Work instructions: Find the line that contains "Joplin, MO 64801" in the entries below. Restate it and every line after it, word for word, with no pictures.

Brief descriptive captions
· · · ·

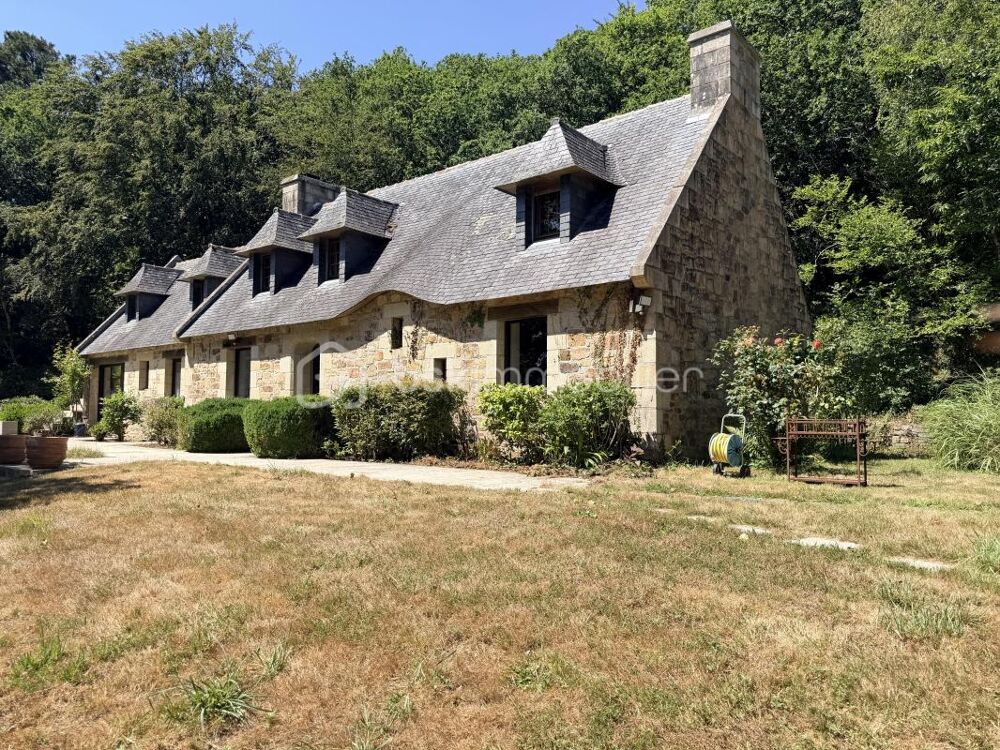 EXCLUSIVITE- NOUVEAUTE-Demeure de charme en pierre au coeur d'un domaine d'exception de 6 hectares!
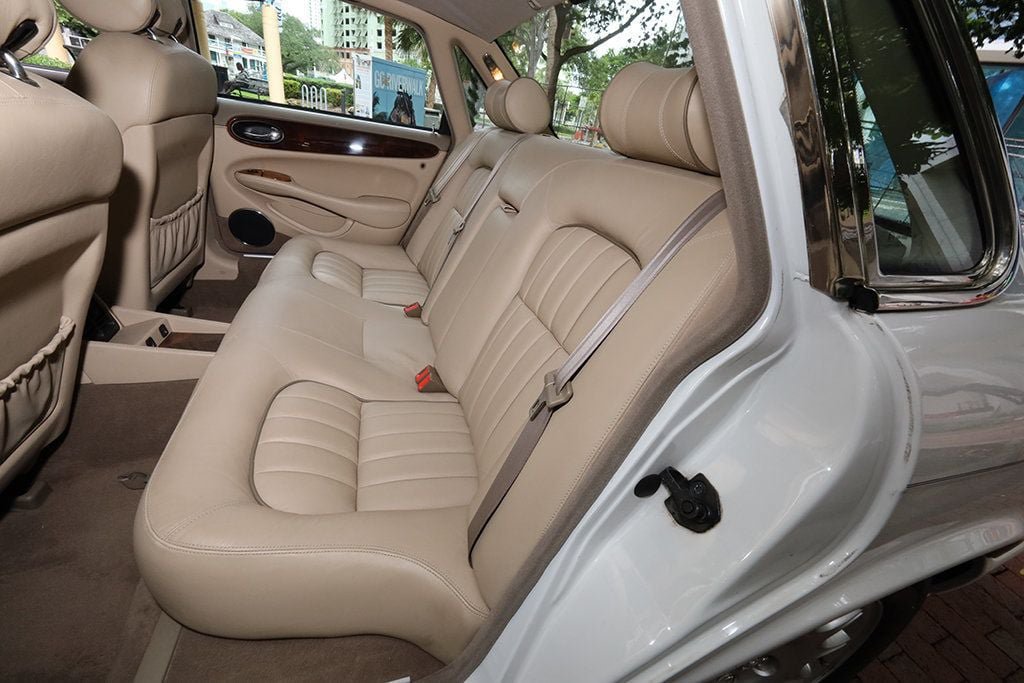 Used 2003 Jaguar XJ8 RWD image 31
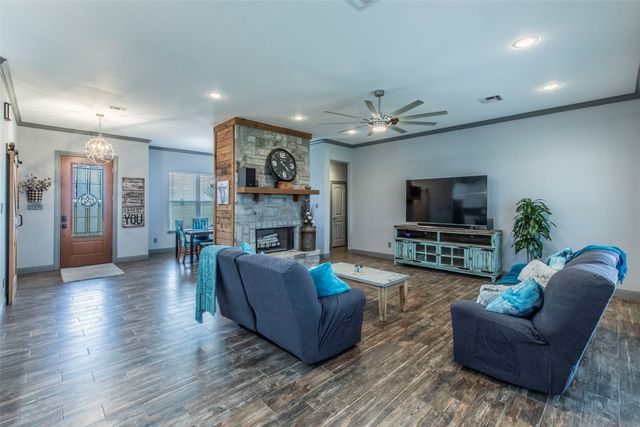 308 Wildflower, Mcgregor, TX 76657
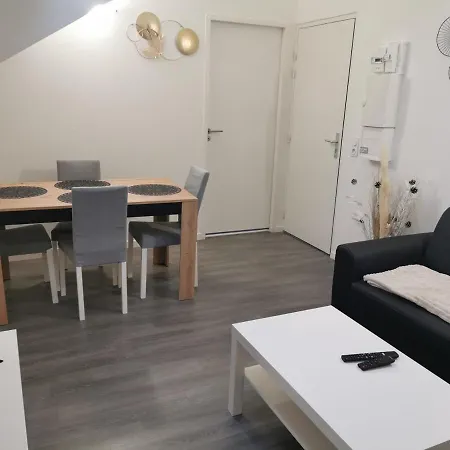 アパート Viry Chatillon : Superbe F2 En Residence. L6 *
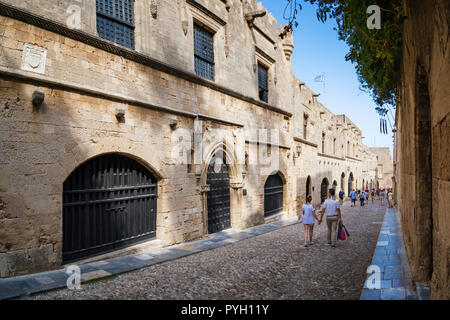 Paio di camminare per la strada dei Cavalieri (Ippoton) nella città di Rodi (Rhodes, Grecia) Foto Stock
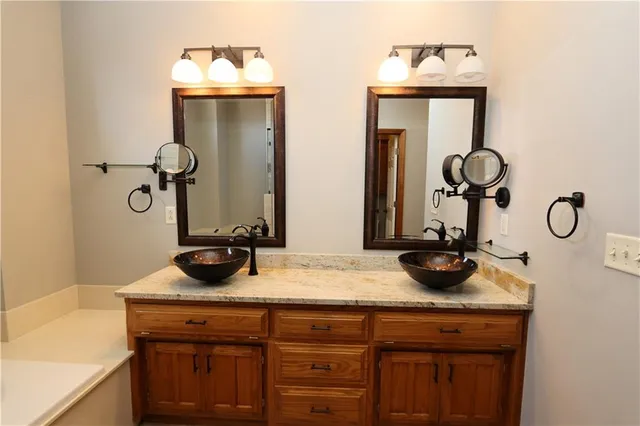 $319,900 | 1611 Marzelle Drive, Joplin, MO 64801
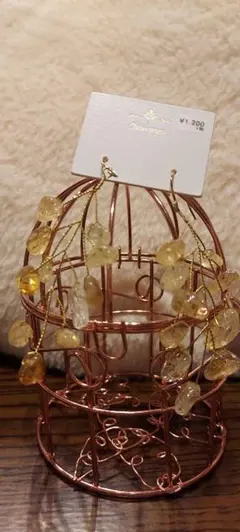 ✨ストーンのお洒落なツリー型ピアス✨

· · · ·

Solution to the problem:
 $319,900 | 1611 Marzelle Drive, Joplin, MO 64801
 ✨ストーンのお洒落なツリー型ピアス✨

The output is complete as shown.